_DIRECTIONS_.
From the listing below, retype exactly the line holding "孩子出生脚上有一块白色 婴儿脚上白色的小点点", the line holding "洗牙后牙缝变大松动错位,洗牙后牙齿松动的的亲身经历", and the lines between them; skip everything else.

_PROVIDED ENTRIES_.
○ ○ ○ ○
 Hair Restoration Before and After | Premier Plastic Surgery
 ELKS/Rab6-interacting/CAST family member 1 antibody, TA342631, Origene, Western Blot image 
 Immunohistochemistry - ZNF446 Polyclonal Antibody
○ ○ ○ ○
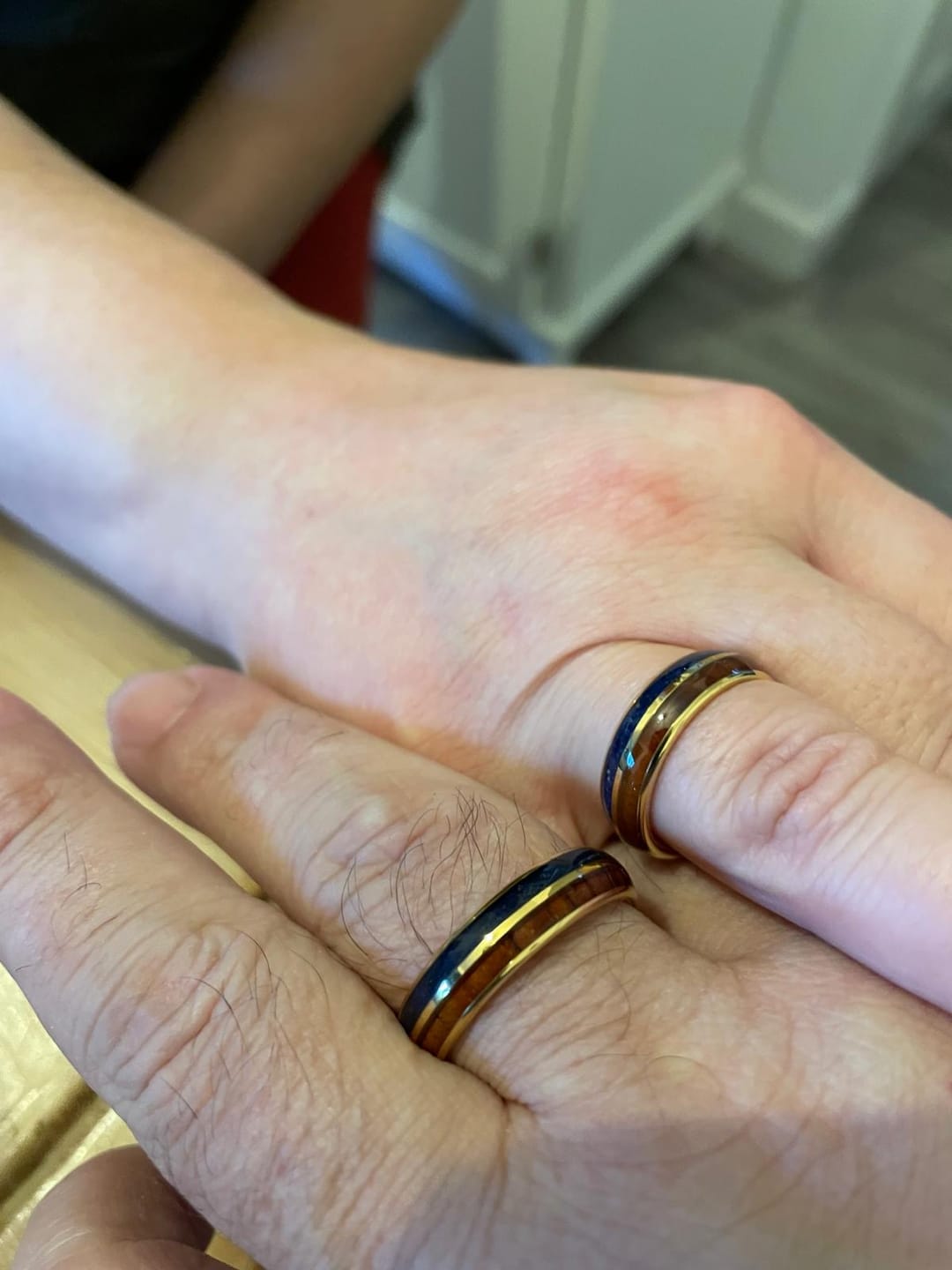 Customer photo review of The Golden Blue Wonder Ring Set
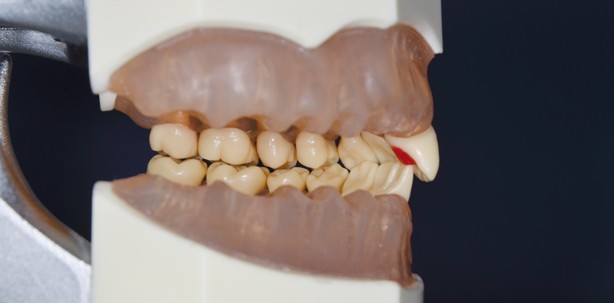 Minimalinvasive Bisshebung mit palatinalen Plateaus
○ ○ ○ ○
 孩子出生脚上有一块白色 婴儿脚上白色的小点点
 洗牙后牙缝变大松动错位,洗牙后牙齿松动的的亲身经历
○ ○ ○ ○
_WRITTEN SOLUTION_.
 孩子出生脚上有一块白色 婴儿脚上白色的小点点
 洗牙后牙缝变大松动错位,洗牙后牙齿松动的的亲身经历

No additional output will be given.